◆ Problem description:
The range to repeat runs from the line with "Chiropractic Care for" to the last line below, both ends included; give it exactly and without pictures.

━━━━━━━━

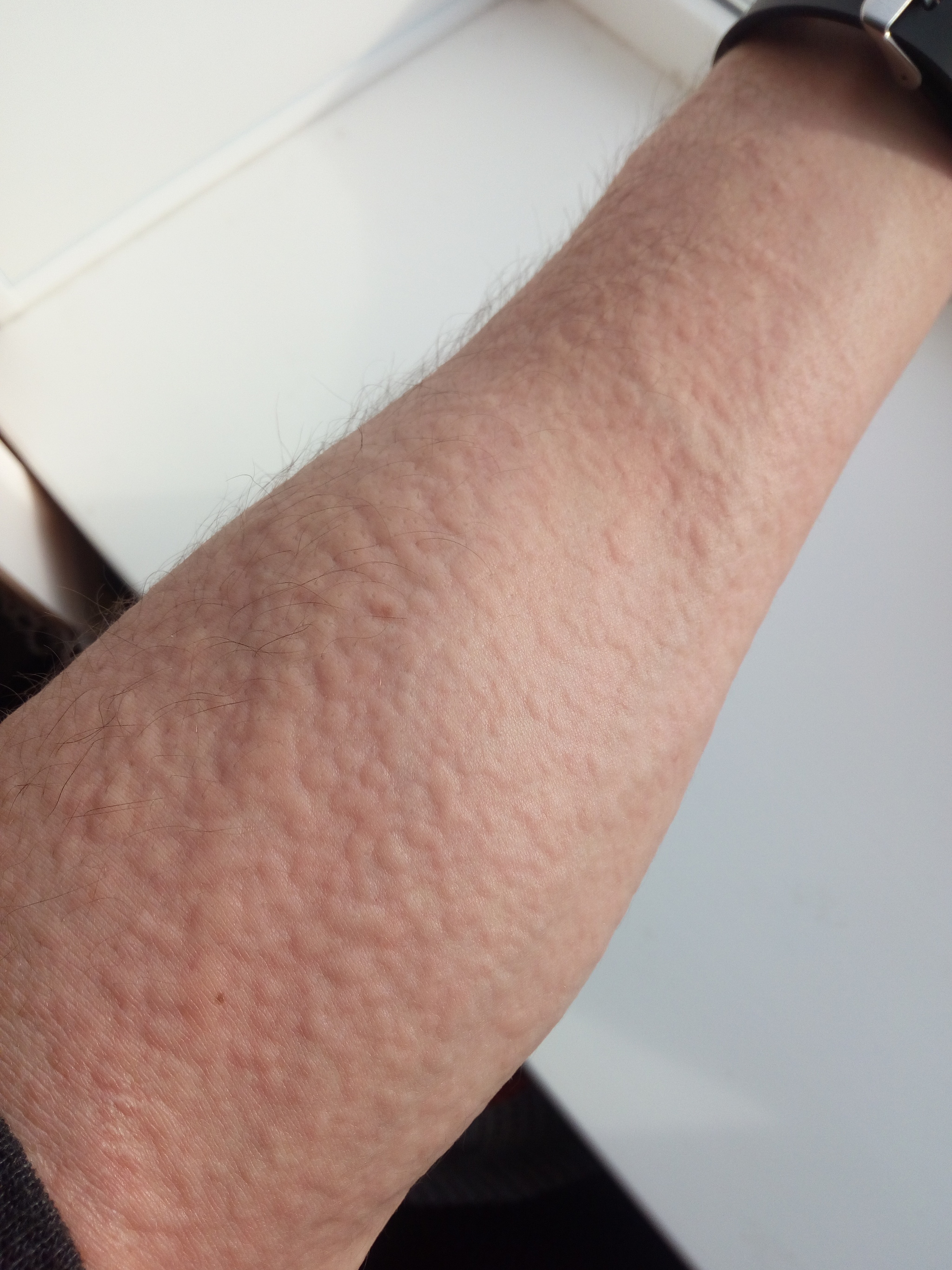 Help is needed - My, Dermatology, Allergies, Allergy, Longpost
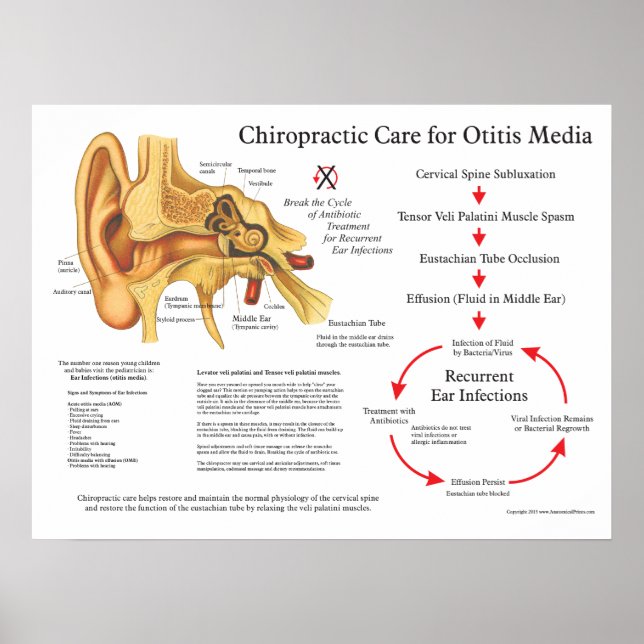 Chiropractic Care for Otitis Media Ear Infections Poster (Front)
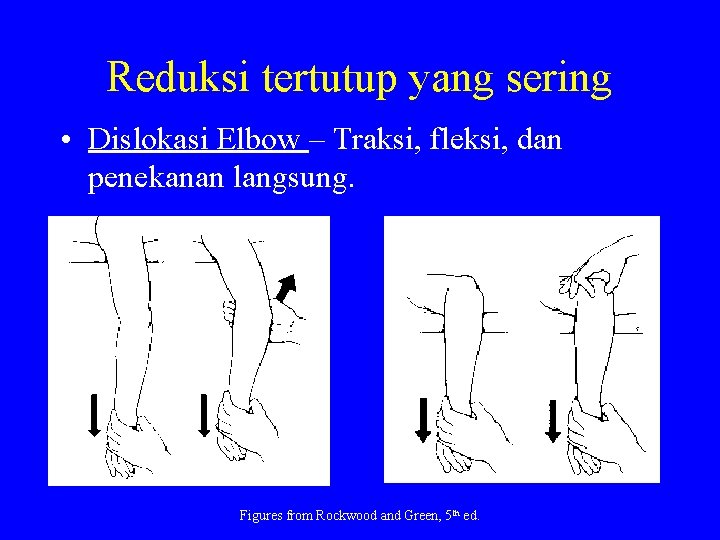Reduksi tertutup yang sering • Dislokasi Elbow – Traksi, fleksi, dan penekanan langsung. Figures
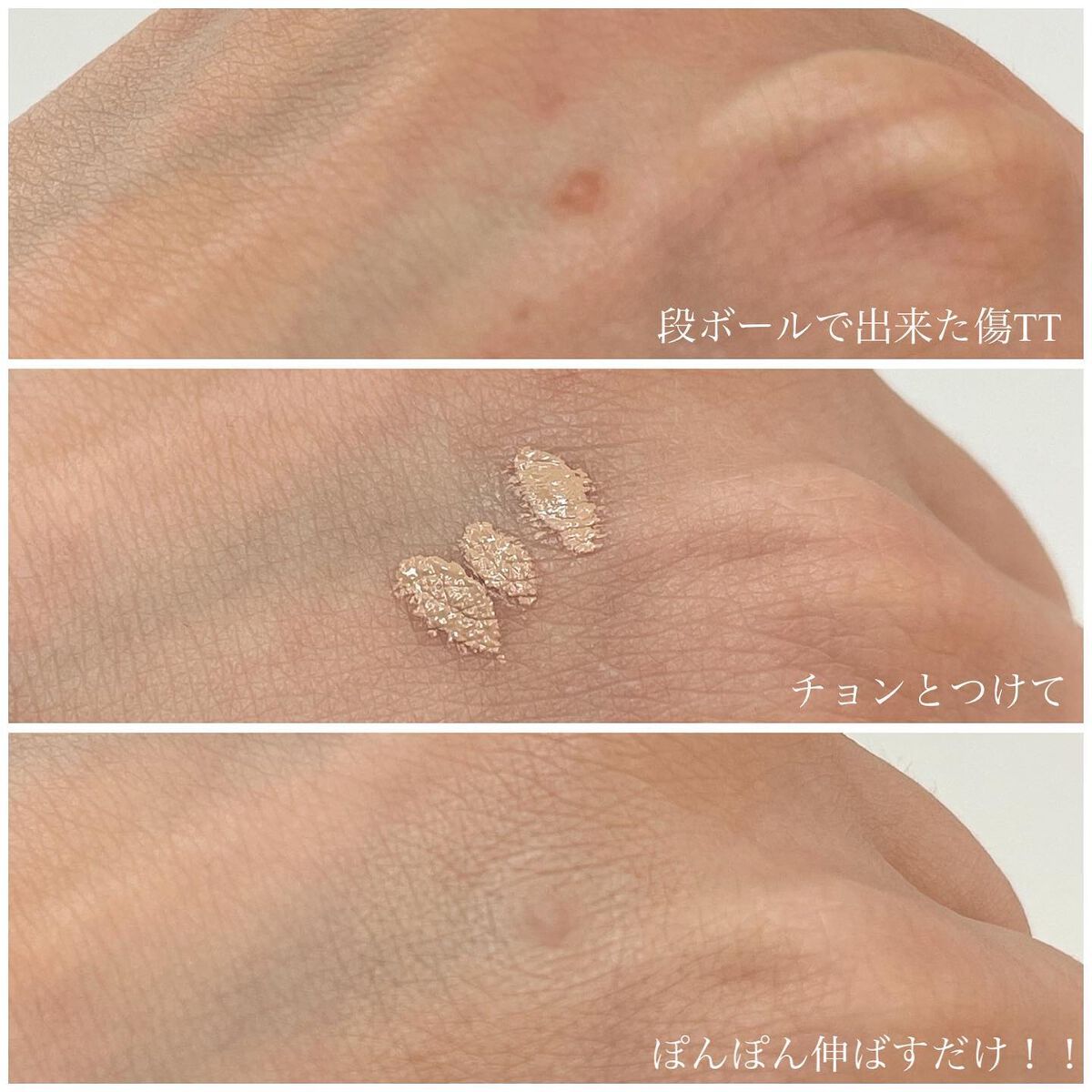 GGマルチコンシーラー/gesgep/リキッドコンシーラーを使ったクチコミ(2枚目)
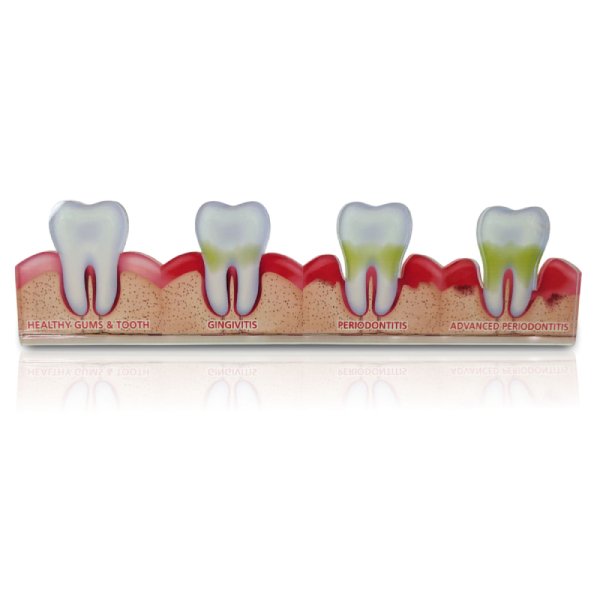 2D Periodontal Disease Progression Model – Healthy to Advanced Stages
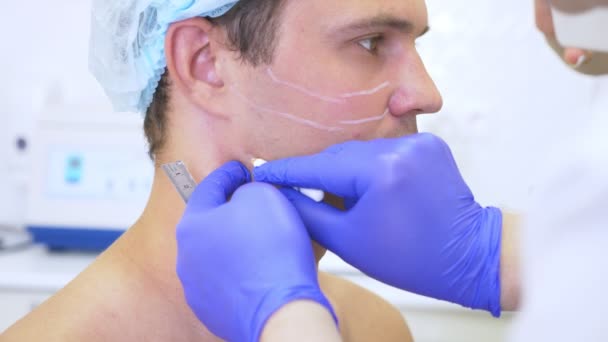 Rukou lékaře kosmetička je označení na tváři muže s tužkou. kontury obličeje plast. 4 k. Zpomalený pohyb — Stock video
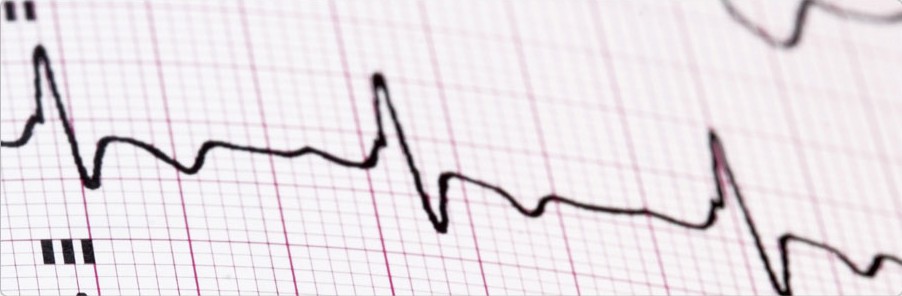 EKG_Electrocardiogram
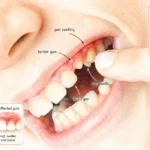 molar broke off at gum line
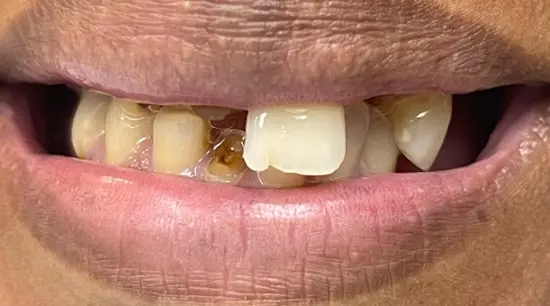 Before cosmetic dental treatment showing the patient's smile prior to treatment.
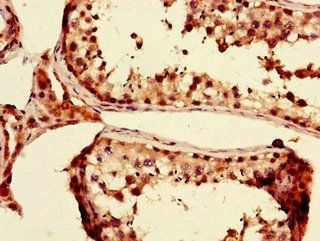 PRDM4 Antibody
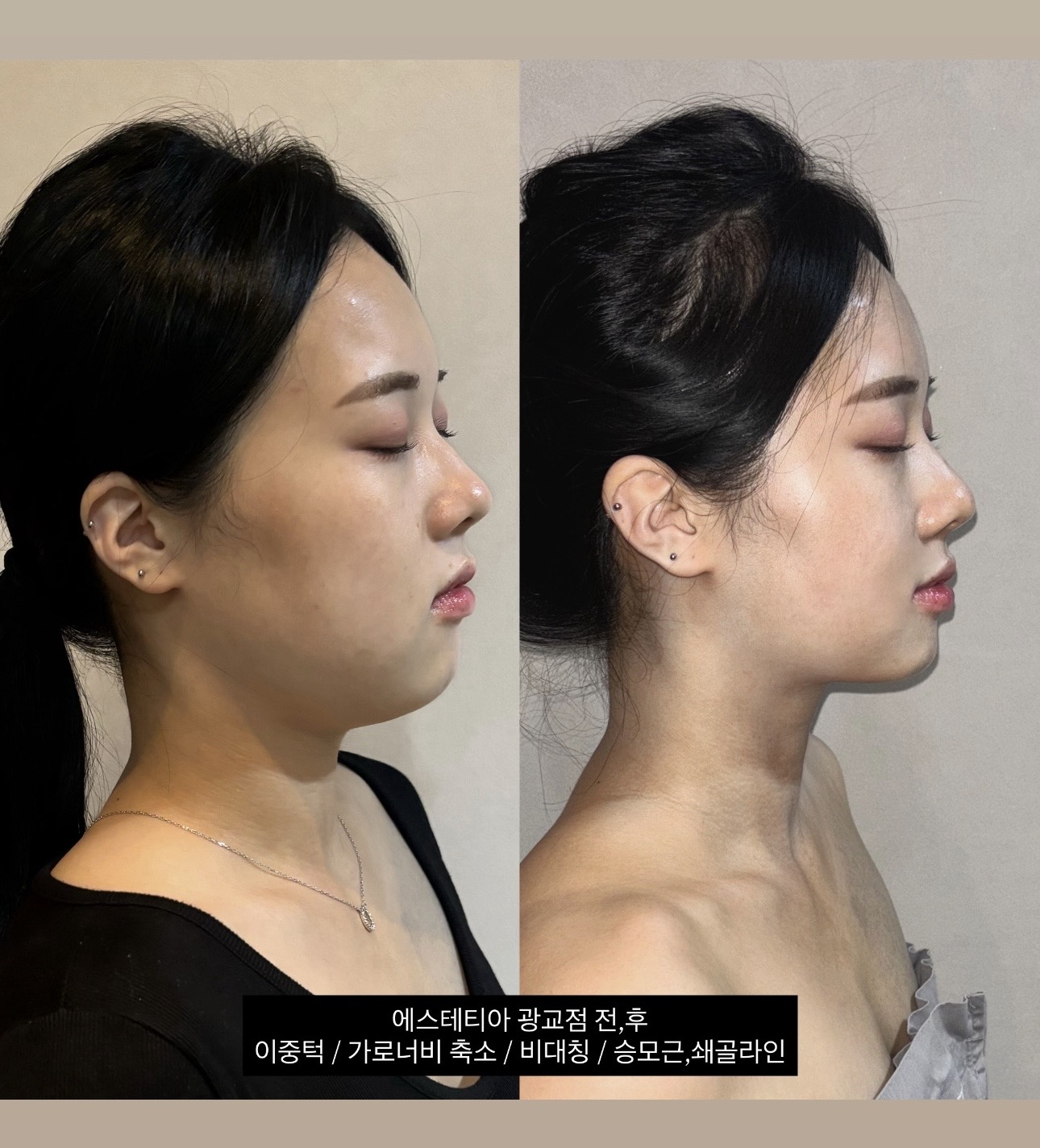 에스테티아 광교1호점 photo 5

━━━━━━━━

◆ Answer below:
 Chiropractic Care for Otitis Media Ear Infections Poster (Front)
Reduksi tertutup yang sering • Dislokasi Elbow – Traksi, fleksi, dan penekanan langsung. Figures
 GGマルチコンシーラー/gesgep/リキッドコンシーラーを使ったクチコミ(2枚目)
 2D Periodontal Disease Progression Model – Healthy to Advanced Stages
 Rukou lékaře kosmetička je označení na tváři muže s tužkou. kontury obličeje plast. 4 k. Zpomalený pohyb — Stock video
 EKG_Electrocardiogram
 molar broke off at gum line
 Before cosmetic dental treatment showing the patient's smile prior to treatment.
 PRDM4 Antibody
 에스테티아 광교1호점 photo 5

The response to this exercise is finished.